In a post-cookie world, BVOD is the smart marketer’s friend
Changes to privacy and measurement are here. Our industry has always dealt with disruptive forces, but this period feels different. It’s revealing how compromised the foundations are for many marketers and advertisers, challenging the way we operate as an industry. But there are upsides.
Digital marketing: compromised foundations
You could compare the digital marketing and advertising supply chain to a fault line. These ‘faults’ allow for movement, and these movements usually happen slowly over time. Occasionally we experience a rapid change - an earthquake. Changes to privacy, identity, and measurement in digital may feel a bit like this right now. And with earthquakes come aftershocks. How hard has it been finding developers and architects to manage your app and tech stack? Are you finding platforms you bought not too long ago are becoming increasingly redundant and now require even more investment to meet the changing demands of your business?
As an industry, we are struggling to adapt to these changes, but more importantly, we appear to be struggling with charting our course out of this fault line to a more sustainable future.
We need to remember that none of this is terminal. Privacy improvements, for example, feel like a much-needed correction. That doesn’t mean advertising and personalisation will cease altogether. Nor does it mean we’re completely unable to measure our performance. We need to revisit the gaps in our foundations and strengthen the areas we are most likely to experience shockwaves in future.

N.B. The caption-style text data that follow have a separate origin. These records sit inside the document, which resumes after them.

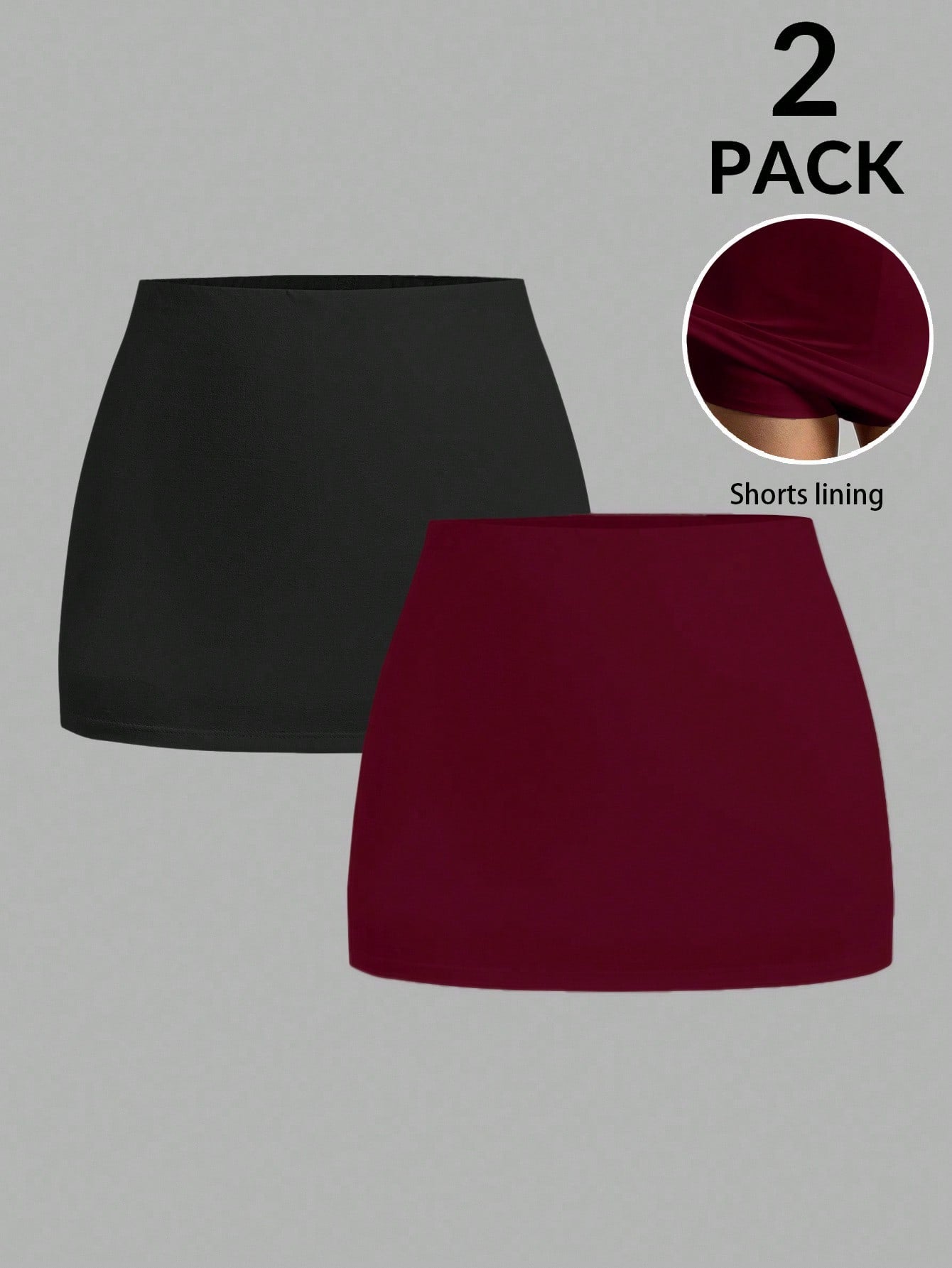 Women's black casual low rise bodycon mini skort with built-in shorts in knitted plain stretch fabric.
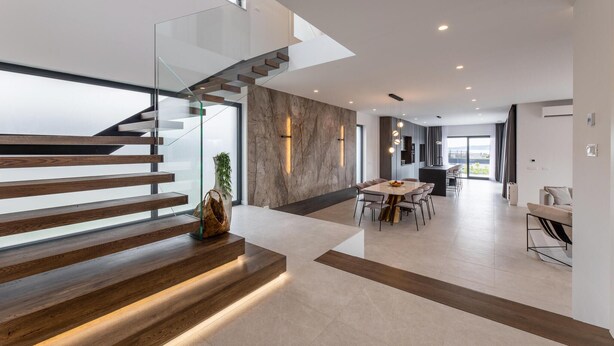 A modern interior with a staircase, a dining area, and a kitchen. - Nice home in Kastel Stari with sauna (Kastel Stari)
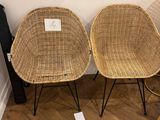 two wicker chairs sitting next to each other on the floor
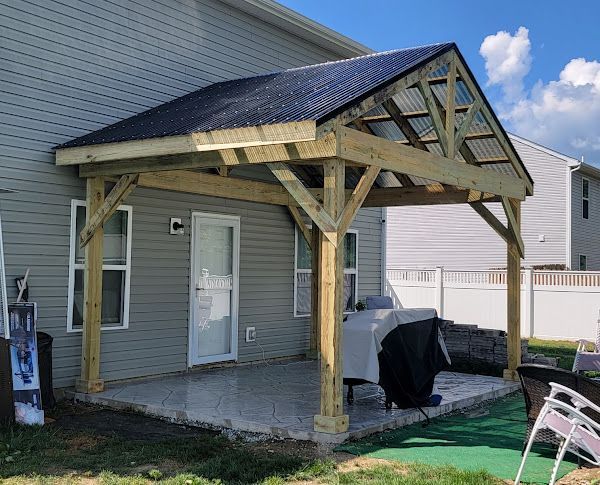 A wooden pavilion is being built in the backyard of a house.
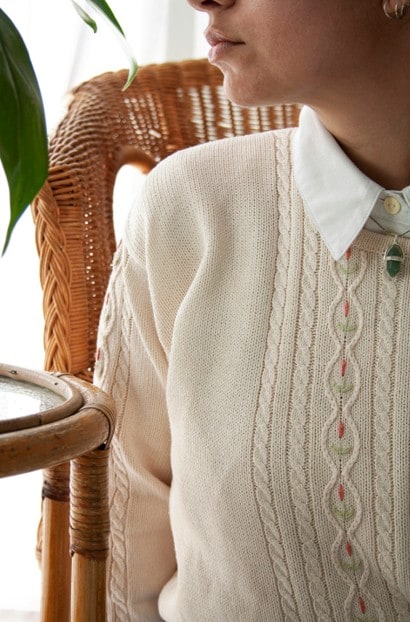 woman wearing beige sweater with white collared shirt and necklace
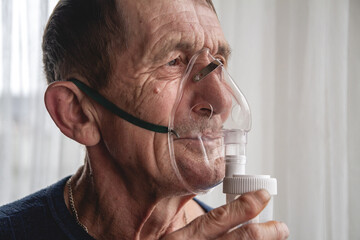 elderly senior with an oxygen mask in quarantine at home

Contextual targeting is getting a makeover
Contextual hasn’t gone anywhere, but it’s importance and role in digital media has certainly lost prominence in favour of data-fueled strategies. Context will play an even more significant role in future, but you won’t need to rely on this alone. Data targeting is still possible. And data targeting, in tandem with a highly contextual environment, remains the most effective form of digital advertising.

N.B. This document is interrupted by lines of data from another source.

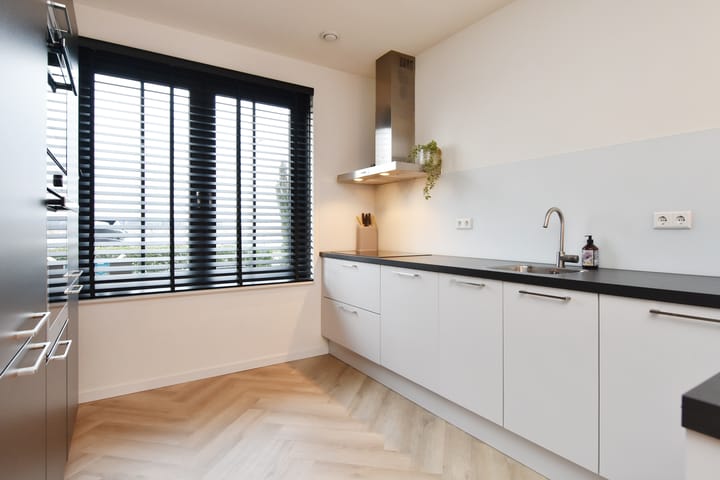 Foto 10 van Zonnebaars 21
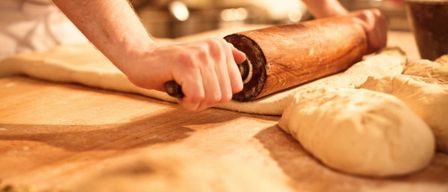 Eine Person rollt Teig auf einem Holztisch mit einem Nudelholz aus, wobei mehr Teig in der Nähe ist.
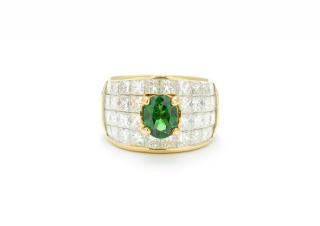 Appraisal: A TSAVORITE AND DIAMOND BAND A TSAVORITE AND DIAMOND BAND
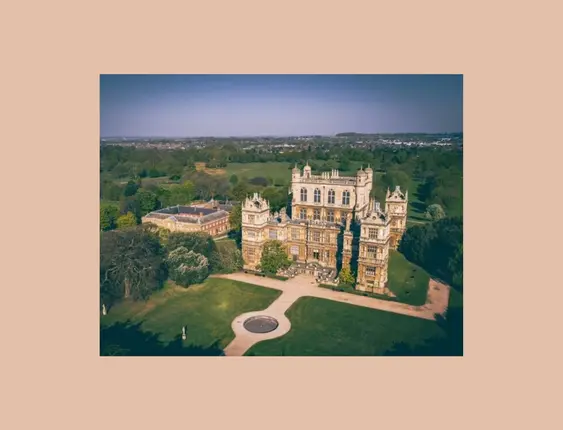 Aerial view of a grand historic mansion set in extensive green parkland.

We know that people have a higher recall of brands and products when those brands are integrated closely with content they are engaged with. Our independent Science of Sponsorship study[SS1] with the Marketing Scientist Group found exposure to a brand in content people like lifts ad recall by 21 per cent and purchase intent by 14 per cent.
You may not get a click-through from a connected TV. You may not always get a viewability score when an ad is broadcast on a full-screen, in high-definition and non-skippable on a 65 inch connected TV in someone’s living room. It’s challenging to prove to a client the power of context. But even more challenging is holding onto a person’s attention when they are scrolling through a social media or news feed. The way premium, beloved content is delivered through TV and BVOD lends itself to a richer, more immersive and entertaining experience. Ultimately, that means a more positive outcome for brands.
Content, data and scale is critical
Until recently, the digital giants were the main source of scale, reach and targeting. But, after years of investment and development across the market, there is now greater parity of products, insights, and audience reach from leading broadcasters. For example, there has been 250 per cent growth in BVOD viewing over the last three years (including a ten-fold increase in live streaming TV), demonstrating that there is sufficient scale in BVOD to reach millions every month.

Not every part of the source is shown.